--- PROVIDED DATA ---
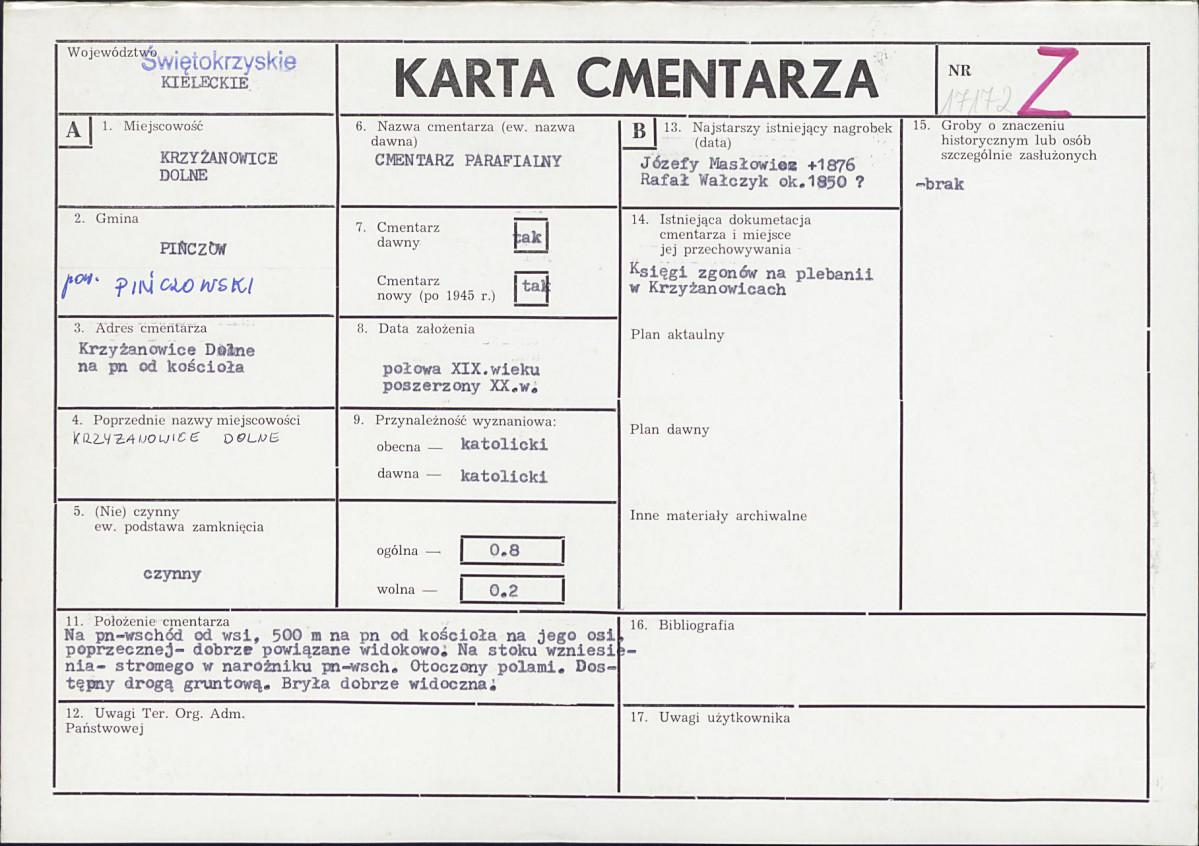 Karta cmentarza, skan nr 1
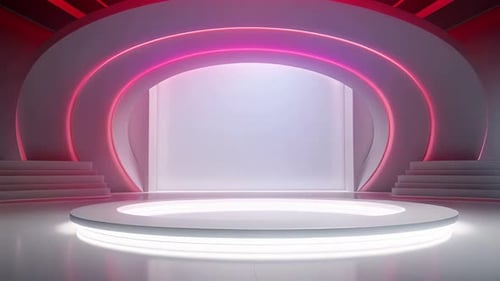 Modern Virtual Stage Background with Dynamic Glowing Neon Lights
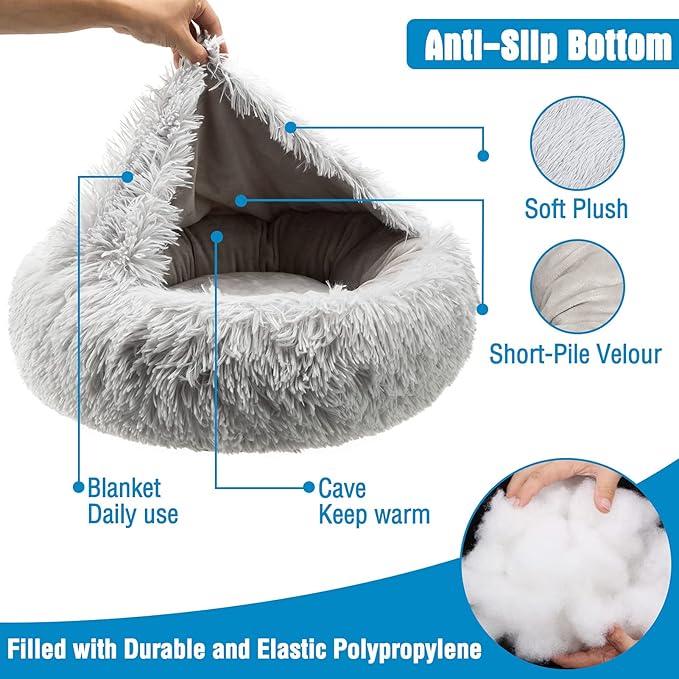 PAWCHIE Cat Bed for Indoor Cats Dogs Puppy - 20" Semi-Enclosed Cat House Soft Self-Warming Plush Bed for Pets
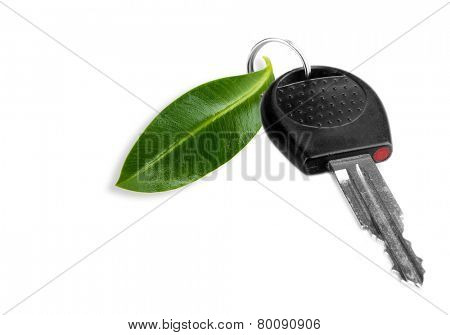 Car key with green leaf trinket isolated on white
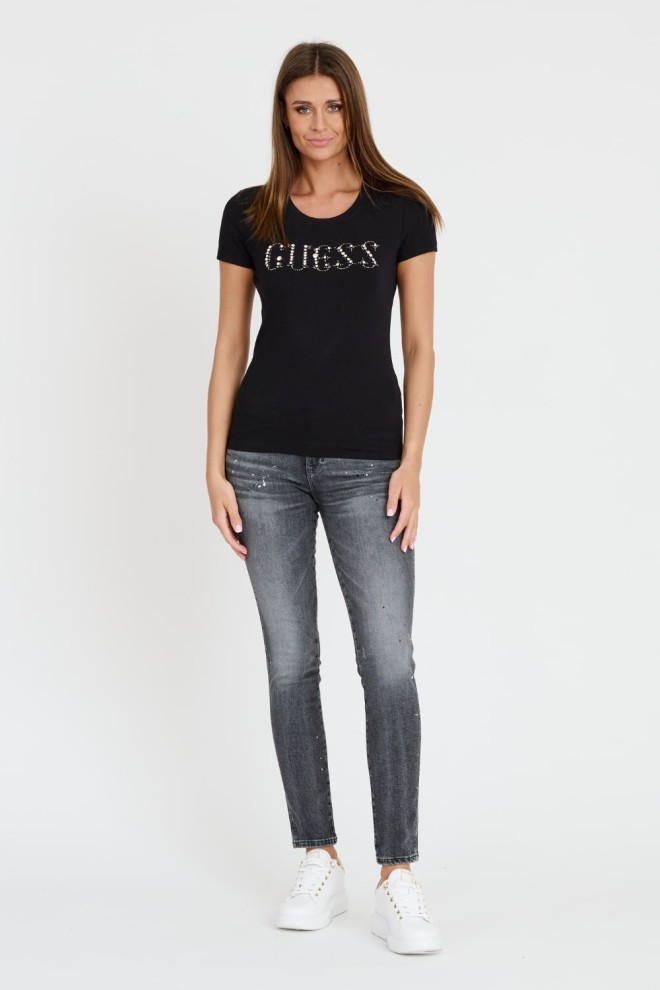 GUESS Black T-shirt with zircons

--- WHAT YOU NEED TO DO ---
Output each entry above word for word. The pictures stay out.

--- YOUR SOLUTION ---
 Karta cmentarza, skan nr 1
 Modern Virtual Stage Background with Dynamic Glowing Neon Lights
 PAWCHIE Cat Bed for Indoor Cats Dogs Puppy - 20" Semi-Enclosed Cat House Soft Self-Warming Plush Bed for Pets
 Car key with green leaf trinket isolated on white
 GUESS Black T-shirt with zircons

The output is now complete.